Dozens of rescuers are scouring Joshua Tree National Park in Southern California amid intense heat for two hikers, who were reported missing on Friday.
Rachel Nguyen, 20, of Westminster, Calif., and Joseph Orbeso, 21, of Lakewood, Calif., set out for a hike on Thursday, said Joshua Tree National Park Public Information Officer George Land. The mercury there hit 100 degrees Fahrenheit that day.
When the couple hadn’t returned by the next day, the owner of the Airbnb where they were staying grew concerned and called police. Rangers found the hikers’ car at a parking lot at the head of a popular trail called Maze Loop on Friday. A “ping” of Orbeso’s cell phone was recorded from inside the park on Thursday, said Land.
Rescuers thought they spotted tracks near the vehicle heading north into a canyon, and while dogs seemed to pick up on a scent, they were unable to find anything, according to a statement by Joshua Tree National Park Search & Rescue, a volunteer group.
Two airplanes, two helicopters, six canine tracking teams and up to 100 ground searchers are all being used to try to locate the couple. Already they have covered “thousands of miles,” said Land.
On Monday several rescuers were themselves overcome by the heat.
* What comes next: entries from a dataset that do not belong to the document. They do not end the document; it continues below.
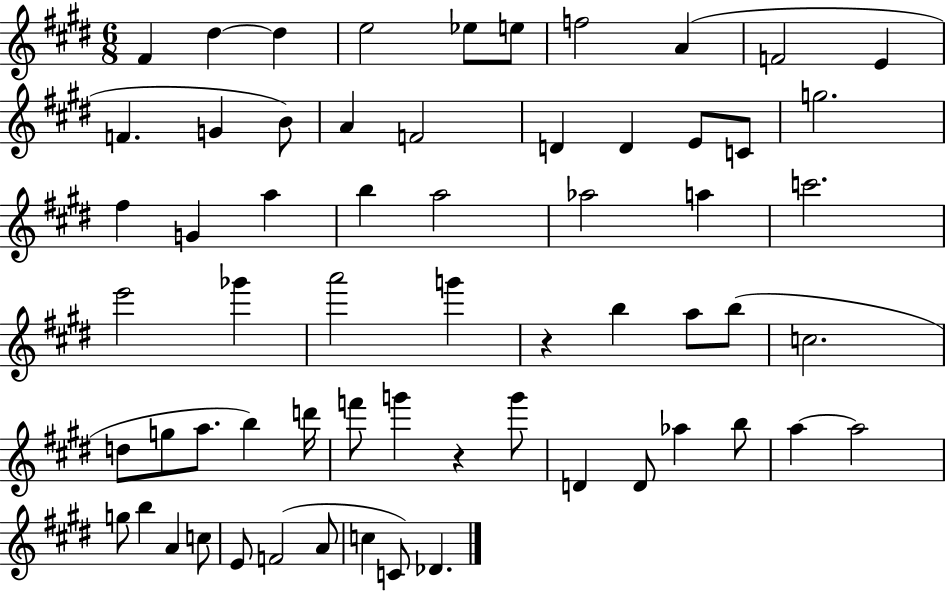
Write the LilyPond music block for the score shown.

{
  \clef treble
  \numericTimeSignature
  \time 6/8
  \key e \major
  \repeat volta 2 { fis'4 dis''4~~ dis''4 | e''2 ees''8 e''8 | f''2 a'4( | f'2 e'4 | \break f'4. g'4 b'8) | a'4 f'2 | d'4 d'4 e'8 c'8 | g''2. | \break fis''4 g'4 a''4 | b''4 a''2 | aes''2 a''4 | c'''2. | \break e'''2 ges'''4 | a'''2 g'''4 | r4 b''4 a''8 b''8( | c''2. | \break d''8 g''8 a''8. b''4) d'''16 | f'''8 g'''4 r4 g'''8 | d'4 d'8 aes''4 b''8 | a''4~~ a''2 | \break g''8 b''4 a'4 c''8 | e'8 f'2( a'8 | c''4 c'8) des'4. | } \bar "|."
}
One rescuer as well as canine units had to be airlifted out of the park, said Joshua Tree National Park Search & Rescue.
The San Bernardino County Sheriff’s Department is assisting with the search. Public Information Officer Jodi Miller said they had to pull their searchers out of the field by noon Tuesday due to the extreme heat.
She said they expect to return to the field Wednesday at least in the morning when it is cooler.
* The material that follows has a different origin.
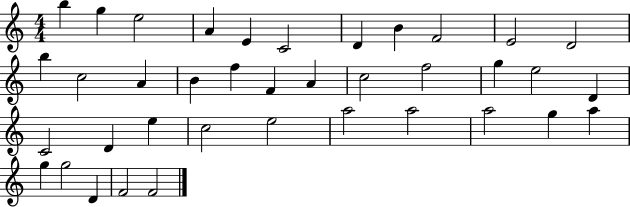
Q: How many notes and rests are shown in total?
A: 38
San Bernardino County Sheriff’s Emergency Management team tweeted Tuesday, “Over 50 dedicated searchers from 3 counties and the US Border Patrol brave 110 deg temps to continue the search.”
Triple-digit temperatures are common in Joshua Tree National Park during this time of year. Land said it is essential for hikers to take special precautions, like starting out early when it is cooler, taking more water than one thinks is necessary (Land says a gallon per person per day is a good measure) and letting somebody know exactly where one plans to hike.
Land says it is rare for hikers to succumb to the heat in the park, which is 800,000 acres of desert visited by more than 2 million people a year, but it does happen.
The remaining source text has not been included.